The Securities and Exchange Commission (SEC) ordered cryptocurrency trading platform Bittrex and its foreign affiliate to pay $24 million for running an unregistered national securities exchange, broker, and clearing agency.
Bittrex and Bittrex Global agreed to pay disgorgement of $14.4 million, a civil penalty of $5.6 million, and prejudgment interest of $4 million, the SEC announced in a press release Thursday. The settlement is subject to court approval.
The settlement resolves charges announced in April against Bittrex and its co-founder and former Chief Executive William Shihara. In March, Bittrex disclosed plans to exit the U.S. market after deeming operations in the country “no longer feasible” amid heightened regulatory scrutiny. In May, the company filed for bankruptcy in the United States.
The details: Bittrex launched in 2014, providing services to U.S. investors in connection with crypto assets the SEC’s complaint alleged were offered and sold as securities.
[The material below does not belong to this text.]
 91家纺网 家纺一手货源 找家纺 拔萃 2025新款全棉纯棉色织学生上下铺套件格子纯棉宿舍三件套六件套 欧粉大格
While serving as CEO from 2014-19, Shihara directed issuers to delete certain “problematic statements” from public channels to hide from regulators crypto assets that were offered and sold as securities, the SEC alleged.
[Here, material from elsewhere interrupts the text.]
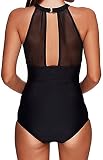 Laorchid strój kąpielowy dla kobiet push up strój kąpielowy damskie wysoki stan seksowne strój kąpielowy dla kobiet Padded Czarny z siateczką na piersi 3XL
“For years, Bittrex worked with token issuers to ‘scrub’ their online statements of any indicia that they were investment contracts—all in an effort to evade the federal securities laws,” said Gurbir Grewal, director of the SEC’s Division of Enforcement, in the agency’s release. “… I am grateful to the SEC staff for aggressively pursuing noncompliance in the crypto industry, resolving this matter, and bringing additional relief to harmed investors.”
Company response: “We are delighted to have reached a settlement agreement with the SEC so quickly following the submission of our motion to dismiss. The agreement has now been submitted to the court for approval, and we will be able to comment further once that process is complete,” a Bittrex Global spokesperson said in an emailed statement.
Bittrex and Bittrex Global agreed to the settlement without admitting or denying the SEC’s allegations.